I’ve been miserable for weeks, but of course, I hide it well. I’m a pro when it comes to this shit.
I’ve been cold. Very cold. It’s 25 degrees right now as I write this. Ice and snow on the ground. Dead and quiet. It was like this yesterday morning, and Wednesday night. Saw Angel Olsen the other night (Wed) in Philly, which was great. But beyond that, I’m still miserable, cold, lonely. When winter comes, I am a wreck. I suffer from Seasonal Affective Disorder (S.A.D.) which is legit, and happens when winter comes. I hate it. I know I’ll get through it, but I fucking hate it.
Lately, this has been getting to me way more than it should: I am so fucking tired of facebook and seeing all the musician friends of mine just get all this love/compliments/post likes, etc. New albums. Mini-tours. Bigger tours. Playing Sofar Sounds, in random locations. Constant progress with all of these bands all the time. And zero progress for me. I often wonder why I still live in this cold hell, and why I don’t just hang it up completely, musically.
I remember having a convo with Megan in 2008.. we were talking on the phone and I told her I had been teaching music for a few years but still had all this cool, creative plans (musically, etc). She said “well, maybe you’re like… just meant to be a teacher, which is ok… you know?”
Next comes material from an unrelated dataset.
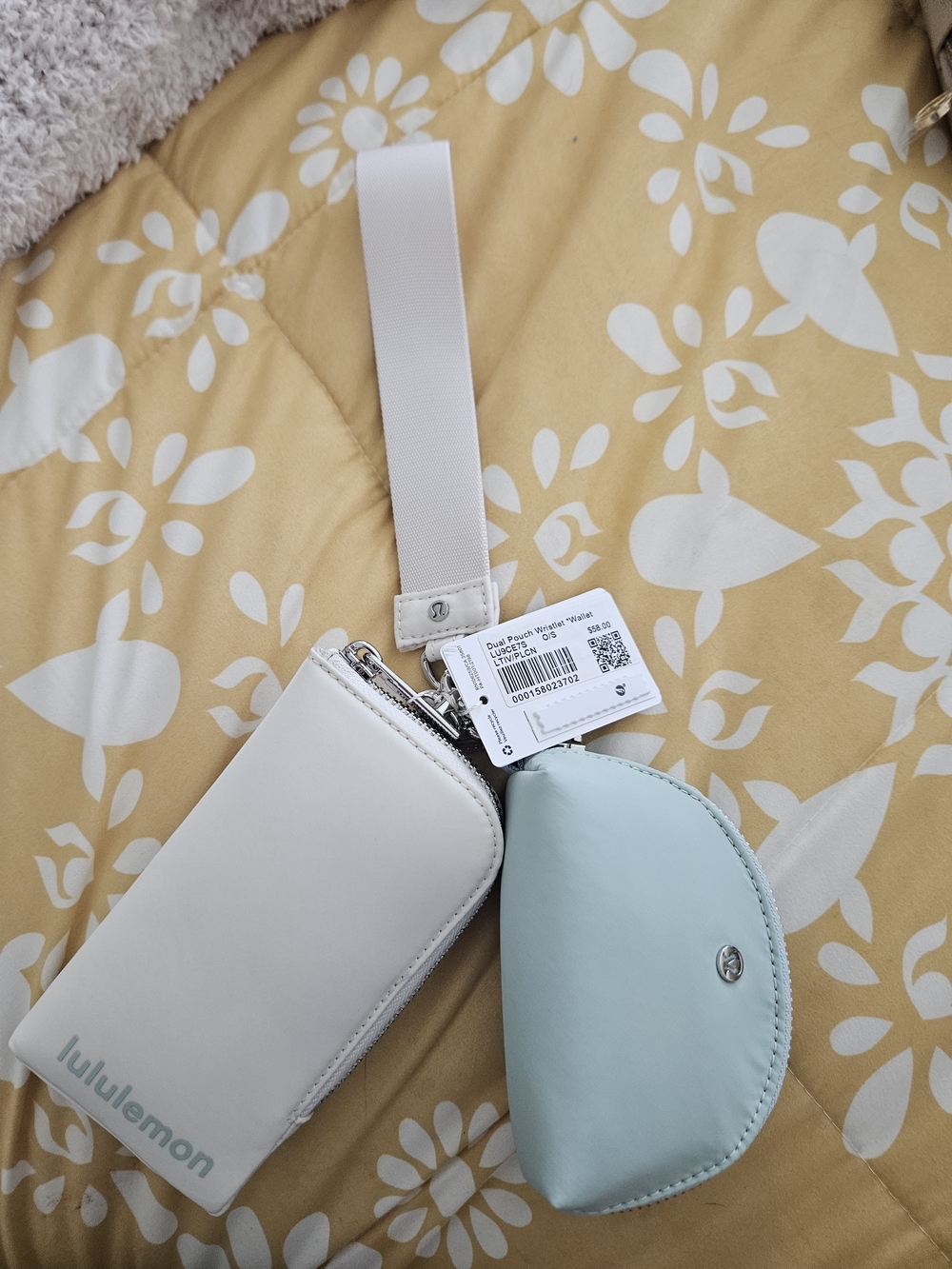 NWT lululemon athletica White and Light Blue Key & Card Holder Set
I got angry, but kept my cool telling her… “no, that is not what I am ‘just meant’ to be.” I still feel like I’m more than that, and I always will. I don’t just teach. I write, perform and record music. I make hip-hop beats and actively help rappers with producing their albums. I collaborate with people, musically, and have been told I always come up with amazing, perfect parts that they couldn’t have thought of. I film/edit videos. I do spoken word shit. I journal and I have a shit-ton of poetry that has either been self-published DIY-style, or legit, as a paperback. I blog and I vlog. I’m not “just a teacher.” I’m way fucking more than that.
Or am I?
Am I just doomed to be forgotten? Hell, I’ve been at this forever, and it seems I’m further from reaching the end of my goals than ever before. It truly does seem like this. A legit record label put out an ambient record I did most of the work on, two months ago. I signed a licensing deal with a company earlier this year. But I guess I am further from my goals than I have ever been.
Someone I know often says “life is one assache after another.”
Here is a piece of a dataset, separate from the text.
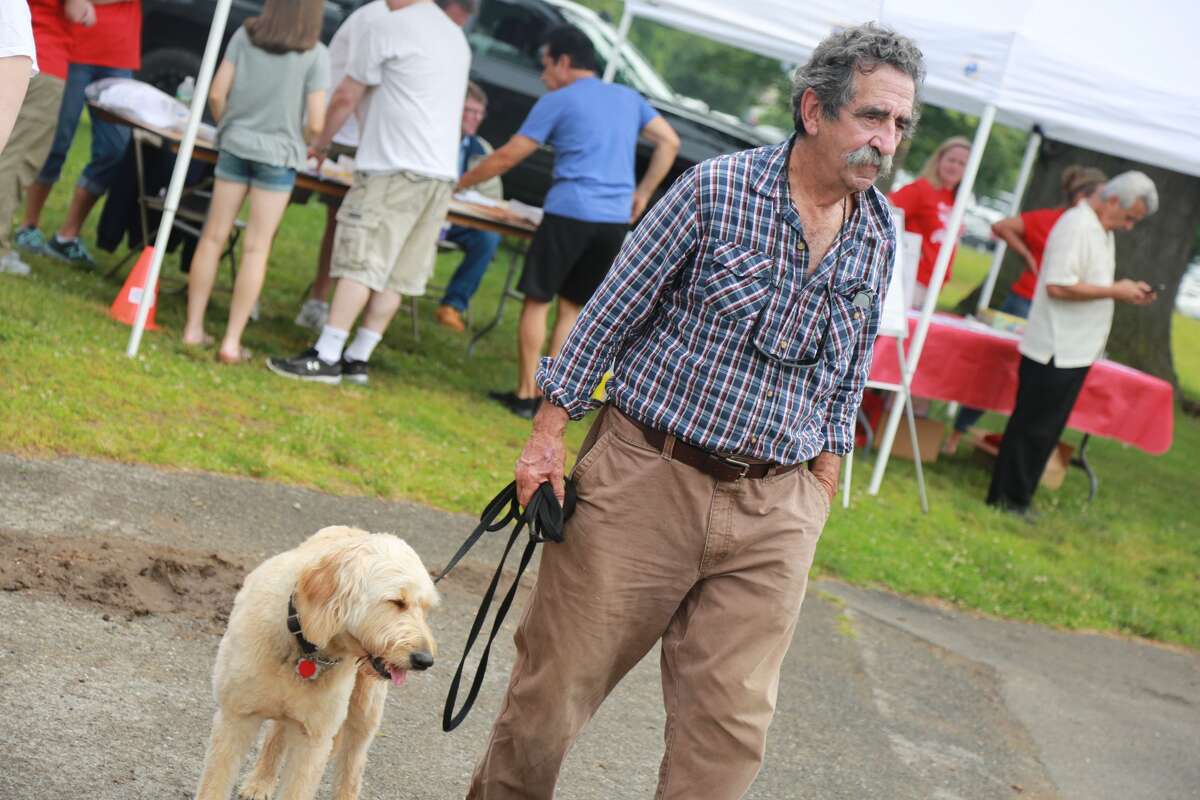 The New England Auto Museum held its annual Father's Day Car Show at Mathews Park in Norwalk on June 18, 2017. Guests enjoyed food, touring the Lockwood-Mathews Mansion and, of course, classic cars. Were you SEEN?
The highlights of the past few months and weeks:
- I got my 2018 health and dental plans
- I kept the kitchen clean
- I scoured the shower stall in the second-floor bathroom in my house, and had my friend redo the caulk and seal of it… an ongoing process which honestly should keep the shower in better shape, going forward.
- I finished a majority of the beats/production for my friend’s lifelong dream of finishing a hip-hop record he started as a teen
- I put this website together, as a centralized location for all the shit I do, to keep some kind of structure happening, for my “brand”, I suppose
- I played some cool shows with Patrick
- I played basically the one and only show with Cait (May 2017)
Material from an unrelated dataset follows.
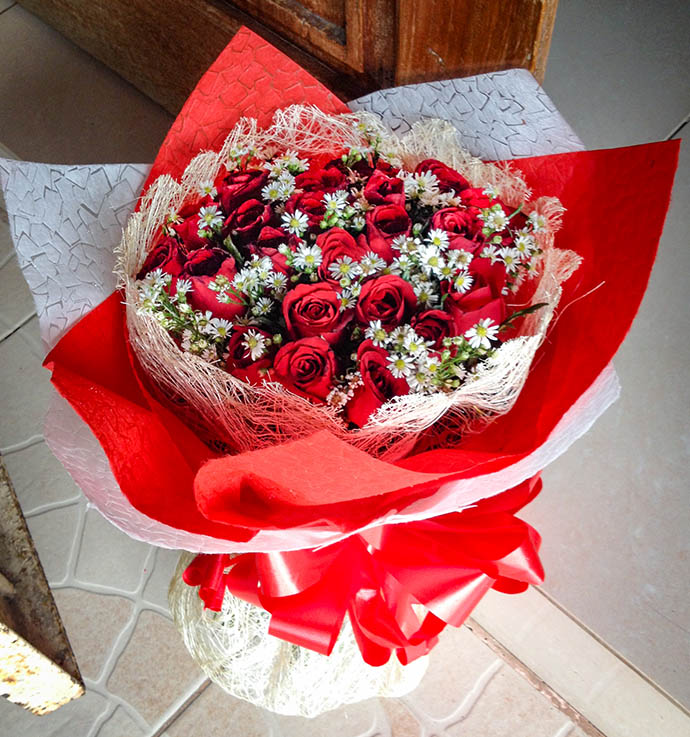 Tin's Flower Shop Flowers Delivered to San Carlos in Pangasinan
- I played my first-ever show, playing original solo stuff (Oct 2017)
- I vacuumed the house, dusted, and organized cabinets
What seems odd with the list above? The mundane shit added to the fun shit? Yeah. That’s certainly out of place. But think of it in a different way…. what if it’s the music stuff that’s out of place? What if the mundane shit is what the list should be? What if the music accomplishments are out of place?
Penny for your thoughts, Chris. Indeed.
Speaking of pennies… I have about $2000 in bills going through by the end of the month. I have to return a $650 security deposit to a roommate who is moving out. I have to catch up with my cable/internet and electric bills (totaling $1000 right now)… my share of rent will be $700 on 1/1… shit… that’s over $2000 and more like $2300… great. Well, I have some studio equipment listed online right now, totaling over $3,000. Will it sell? Well, it has to. If it doesn’t. I’m more fucked than I could have possibly imagined.
“Life is one assache after another.”
I am still sitting on my solo music… not into releasing any of it, anymore. Why bother? Really. I don’t know why I bother.
I should move to a warmer climate. I don’t know what to do anymore. I’m checked out, emotionally and mentally.
I keep going. But I don’t know why, sometimes.